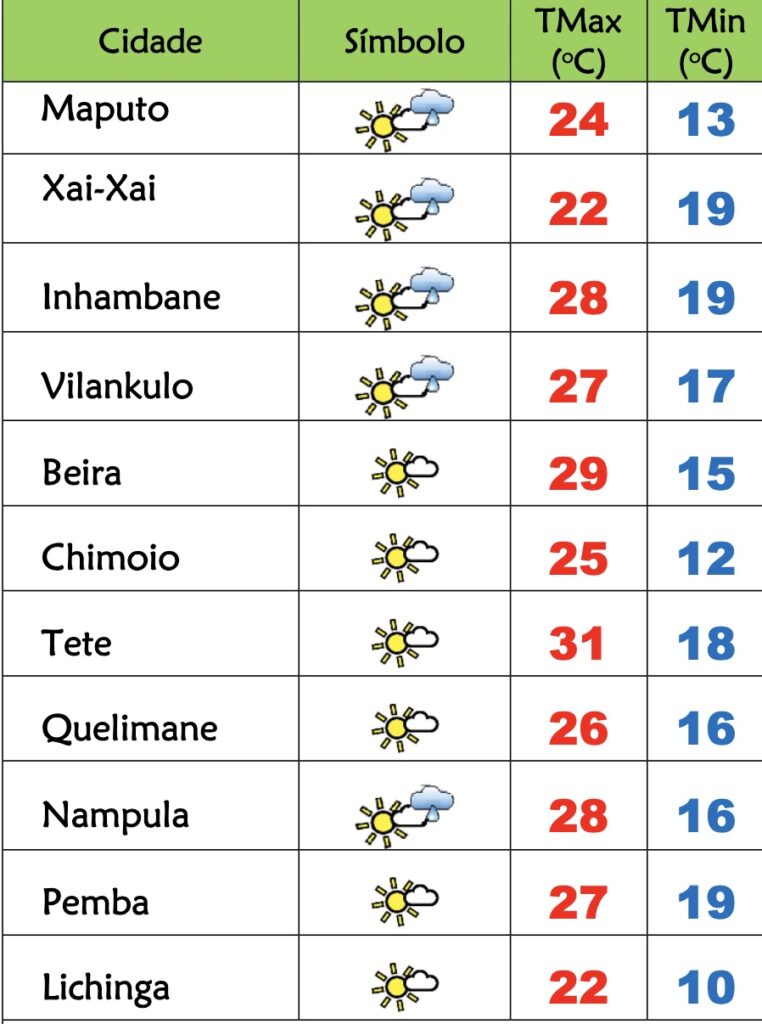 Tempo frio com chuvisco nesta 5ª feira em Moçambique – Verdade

____________________

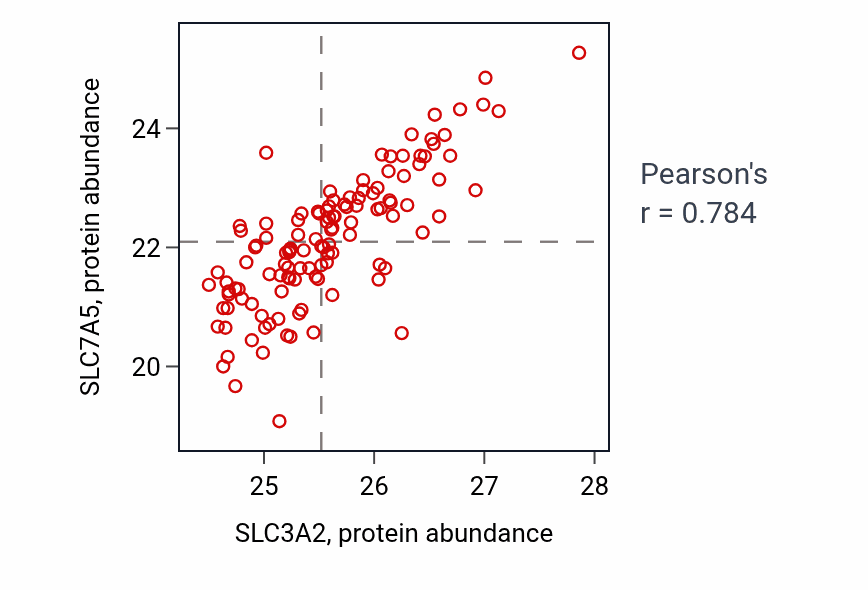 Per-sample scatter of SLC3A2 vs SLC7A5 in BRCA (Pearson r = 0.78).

____________________

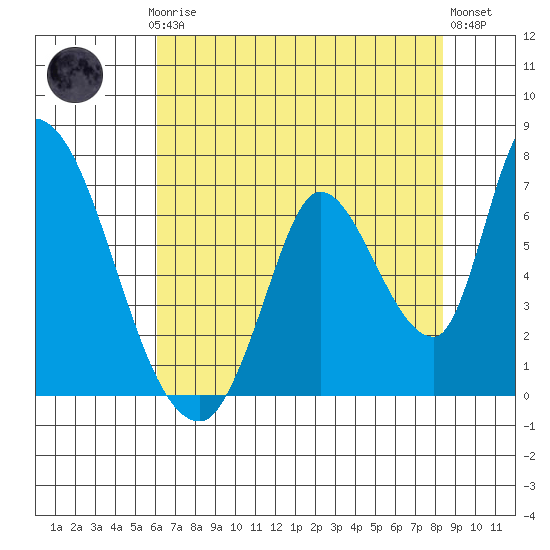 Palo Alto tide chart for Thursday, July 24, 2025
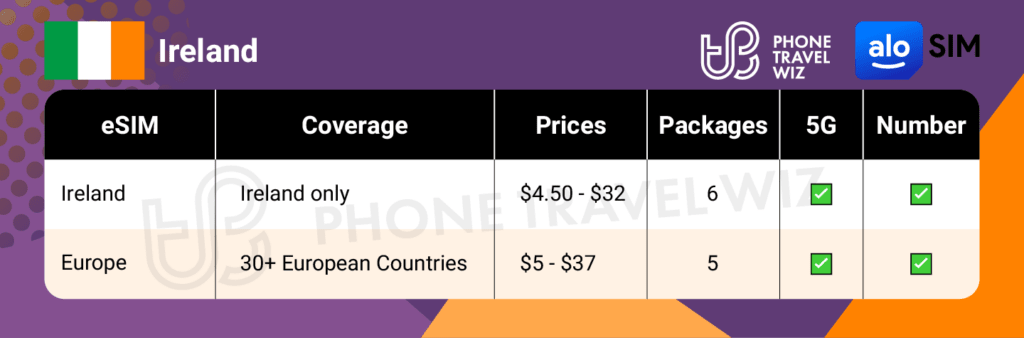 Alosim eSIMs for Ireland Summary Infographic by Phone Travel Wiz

____________________

[EXERCISE AIM] Range to copy from the listing above: the line containing "Palo Alto tide" down to the line containing "Alosim eSIMs for", both included. Reproduce it exactly, minus the pictures, and add nothing.

[ANSWER BOX]
 Palo Alto tide chart for Thursday, July 24, 2025
 Alosim eSIMs for Ireland Summary Infographic by Phone Travel Wiz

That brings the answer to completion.